Intense pressure squeezed my chest as if I dove into the depths. “What is it?”
He answered in a whisper, “We’re over the trench.” He cut the engines. Even the waves were hushed, as if we’d stepped inside a great cathedral.
The swells knocked the boat.
“Is it always like this?”
He nodded. His pale eyes were as wide as mine. It didn’t seem possible, but we could feel it, the void below us. I stared up at the azure sky, afraid that if I looked down, like a cartoon character, I’d fall.
I didn’t think I believed in such things, but I swore I felt the immense presence of god.
I wanted to run. I wanted to hide. I lurched to my backpack and pulled out the box of Pop’s ashes.
“Maybe you shouldn’t drop your father over the side. Maybe you should throw in your sorrow, like I did. Let it sink.”
“It’s not that easy.”
Tano snatched my A’s cap off my head. He tossed it onto the waves like a Frisbee.
“Hey!” I was too afraid to jump in after it even though I was a great swimmer.
That much water could drown you, I thought. The weight of it would drag you under the surface. You’d never see the sun again.
My hat bobbed on top of a far wave, disappeared on the rolling surface, reappeared even further away.
“That was the A at the end of your name. Now, you are Eric.”
My mouth open and shut like a hooked fish.
“Your life as a man has begun.”
He was an idiot. He didn’t understand. “It isn’t that easy. It can’t be that easy.”

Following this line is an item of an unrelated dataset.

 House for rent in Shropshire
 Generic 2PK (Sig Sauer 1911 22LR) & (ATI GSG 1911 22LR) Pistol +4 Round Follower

“But what if it is? That hat was a gris-gris, a magic charm. Throw it away, and throw away the A that made you into a girl.”
Anger welled up behind my eyes.
Tano pleaded with me. “Believe just enough to make it real. Go back to shore as a man. You don’t know when to being? Begin now! Right now! Because the now is the only time you ever really have.”
My throat was too tight to breathe.
“I let my moment pass. I’m stuck in a now that never ends, the man I want living with someone else. Before that happened, I should have acted,” Tano told me, and I saw tears in the corners of his eyes. “Don’t waste your now, your chance.”
The hat slowly absorbed water, growing darker. The big white A on the front sank lower as it absorbed tears. When it was full of them, it fell below the surface. Feeling as if I were drowning, I gasped in salt air.
“You can only tread water so long before the misery will pull you under. It’s not sink or swim. It’s sink or fly.”
The hat was gone. Could I cast off my outer self as easily as he cast away my hat? I inhaled again and relaxed my fists.
“I only like men,” Tano reminded me.
He came to me, wrapping his arms around my waist. I felt his dick against my thigh. He kissed me, and it was like kissing the sea. I tasted the salt on his mouth and felt the tug of his chapped skin over my smooth lips. His skin was hot from the sun.
I was Eric. Kissed, suddenly I was a prince.